In 2014, after realizing there was no way for America’s vital networks to defend themselves from a sophisticated cyberattack, Cyber Command adopted a policy of “active defense.” Defining the concept, Adm. Michael Rogers, the commander at the time, said the “biggest focus” would be “to attempt to interdict the attack before it ever got to us”—in other words, to get inside the adversary’s network, in order to detect him preparing an attack, then deflect or preempt it.
So, before U.S. leaders set about responding to the SolarWinds hack, they should articulate how it differs from the things that we sometimes do—why the Russians deserve punishment and we don’t. (I’m not saying that there is no distinction or cause for retaliation—only that, if there is, our leaders should be clear about what it is, in their own minds and in statements justifying their action.)

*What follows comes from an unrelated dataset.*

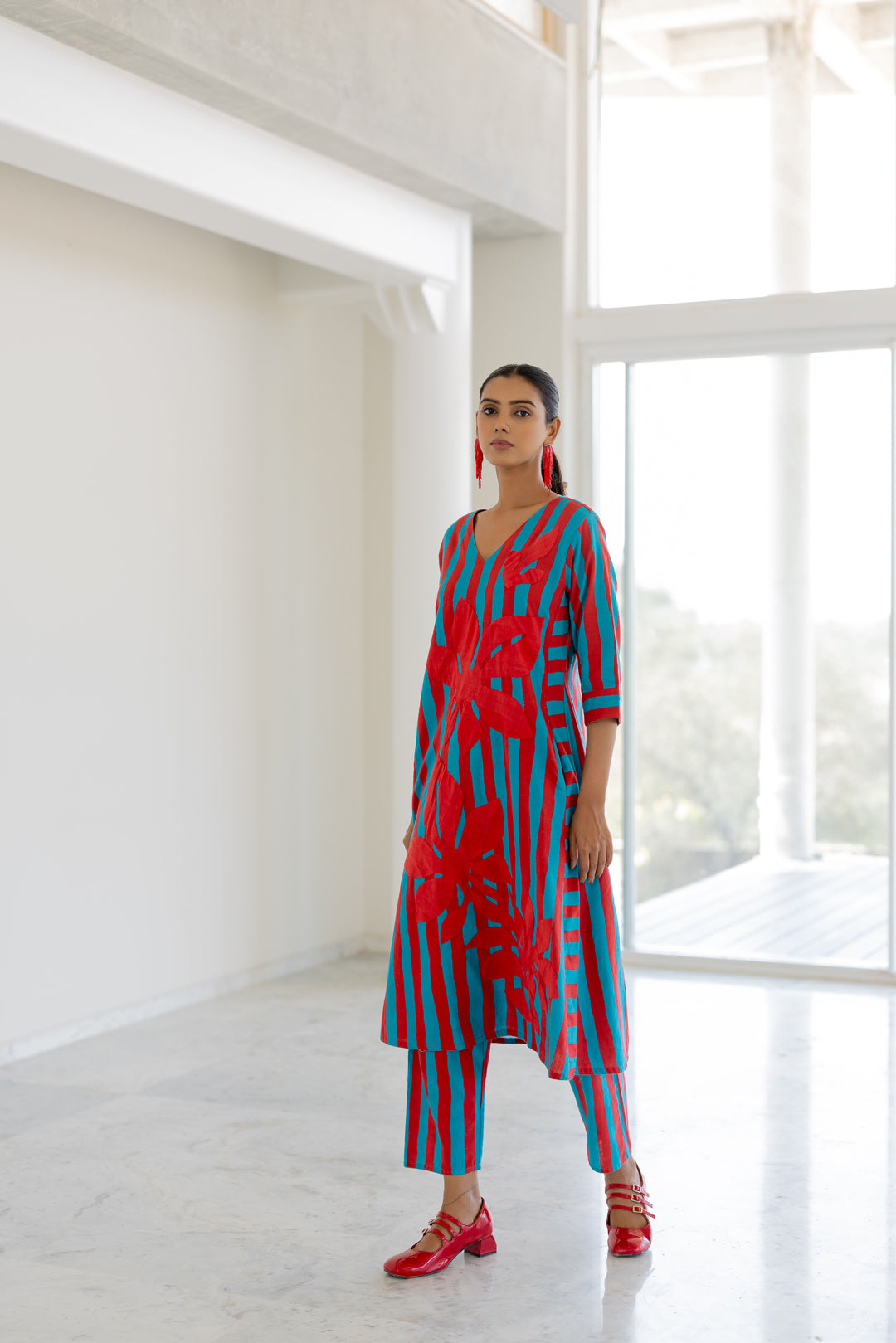 Sky Fire Striped Applique Kurta Set- SS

The remarkable thing is that, more than 60 years after the invention of the internet, more than 35 years after the first presidential study warning of computer vulnerability, and more than 20 years after the first known foreign attacks on U.S. computer networks, no one in a position of power has drawn the distinction between cyberespionage and cyberattack—nor has anyone struck a clear definition of cyberdeterrence or delineated what kinds of cyberattacks the government should try to deter and, if necessary, respond to.
It’s also troubling that, after all this time, the U.S. government has done such a scattered, incomplete job of patching its security holes. If we’re going to start retaliating in kind to cyberattacks as a matter of policy (or even if we’re not), we need to get more serious about beefing up our defenses. The latest defense authorization act adopts half of the 52 recommendations put forth by a congressionally appointed commission on the subject. It’s a start.

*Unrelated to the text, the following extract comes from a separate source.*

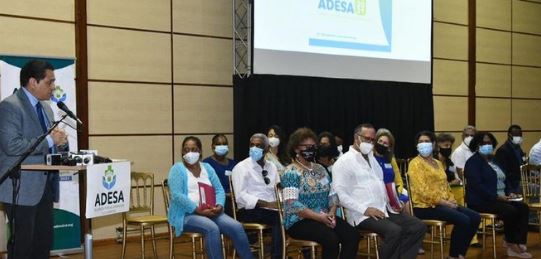 Ministro de Salud Daniel Rivera Salud Pública dice que contagios aumentan en provincias donde no se vacunan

Toward the end of George W. Bush’s presidency, after getting briefed on cyberattacks day after day after day, Secretary of Defense Robert Gates suggested that the major cyber powers get together to lay out some “rules of the road” that might diffuse our mutual vulnerabilities—an agreement, say, not to launch cyberattacks on computer networks that control critical infrastructure such as dams, power grids, and air traffic control systems. He noted that even during the Cold War, the U.S. and the Soviet Union set and followed some basic rules; for instance, they agreed not to kill each other’s spies. In cyberspace, there were no rules.

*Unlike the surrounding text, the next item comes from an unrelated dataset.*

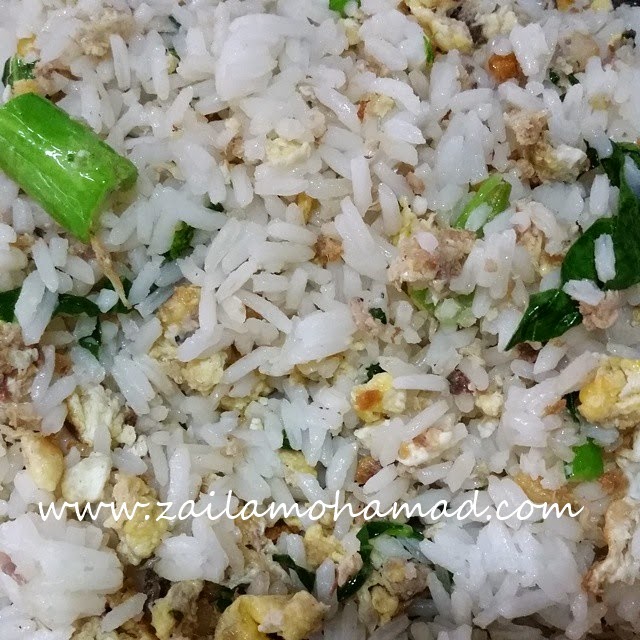 Diari Mekla Seorang WAHM: Resepi Nasi Goreng Ikan Rebus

“We’re wandering in dark territory,” Gates would say in these conversations. It was a phrase from his childhood in Kansas where his grandfather worked for nearly 50 years as a stationmaster on the Santa Fe Railroad. “Dark territory” was an industry term for a stretch of rail track that was uncontrolled by signals. It was a perfect metaphor for cyberspace, except that this new territory was much vaster and the danger was greater because the engineers were often unknown, the trains were invisible, and a crash could cause far more damage.
We’ve learned a lot more about this territory in the decade since Gates’ musings. Security has improved; more controls are in place. But like mutating viruses, the hackers have found new ways to maneuver around the security, new ways to manipulate the controls. The landscape is still very murky.